Oğuz, doğanın insanları çok güzel yerlere götürdüğünü, kötülükten uzaklaştırdığını, insanlara bakış açısının değiştiğini anlattı.
Önem Oğuz, insanın doğaya baktığı zaman bütün dengeleri görebildiğini belirterek, "Dengeyi, sabrı, samimiyeti, ilişkileri her şeyi görebilirsiniz. Doğada bütün şifreler var." dedi.

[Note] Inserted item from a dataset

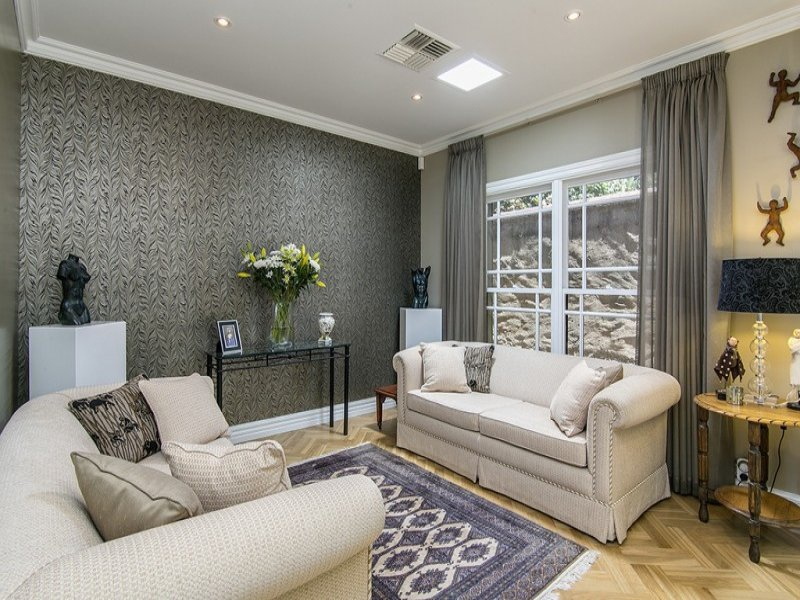 18 WELLINGTON CLOSE, North Adelaide Sold by Booth Real Estate - image 1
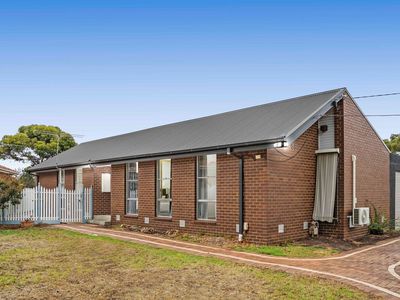 68 Talintyre Road, Sunshine West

Bundan sonraki rotalarının Avrupa kıyılarını dolaşmak olduğunu aktaran Serhan Oğuz, "Bizim artık ayın 30 günü teknede geçecek. Eşim yönetici olduğu için 1,5 senemiz kaldı. Yasaklarda biz evimizde hiç durmadık. Biz buradan akşam saatinde Heybeliada'ya gidip, yemeğimizi yiyip ertesi gün gelebiliyoruz. Öyle bir özgürlük var. Ama yüzlerce milyon para verip aldığınız evi bir yere götüremiyorsunuz. Ev orada duruyor ve oradaki gergin halinizi atamıyorsunuz. İnsanlara bakış açınız hakikaten sertleşiyor. Şu an toplumda insanlar çok iç içe yaşadığı için, alan değiştirmedikleri için de birbirlerine ön yargıları daha kötü durumda. Önünüzden yan komşunuz geçip, kapıyı hızlı kapatsa ona takılı kalabiliyorsunuz. Ama yandaki teknenin sahibi tekne havalandırma kapağını (hatch) biraz sert kapatma 'aman kırma' diyoruz. Bakış açıları böyle oluyor." şeklinde konuştu.
Önem Oğuz, denizin insanı büyük şehrin geriliminden de uzaklaştırdığını belirterek, "Deniz bizim stresimizi alıyor. İnsanların bu kadar binanın içinde kapalı kalması, bu kadar gri yaşantıyı biz maviye dönüştürdük." dedi.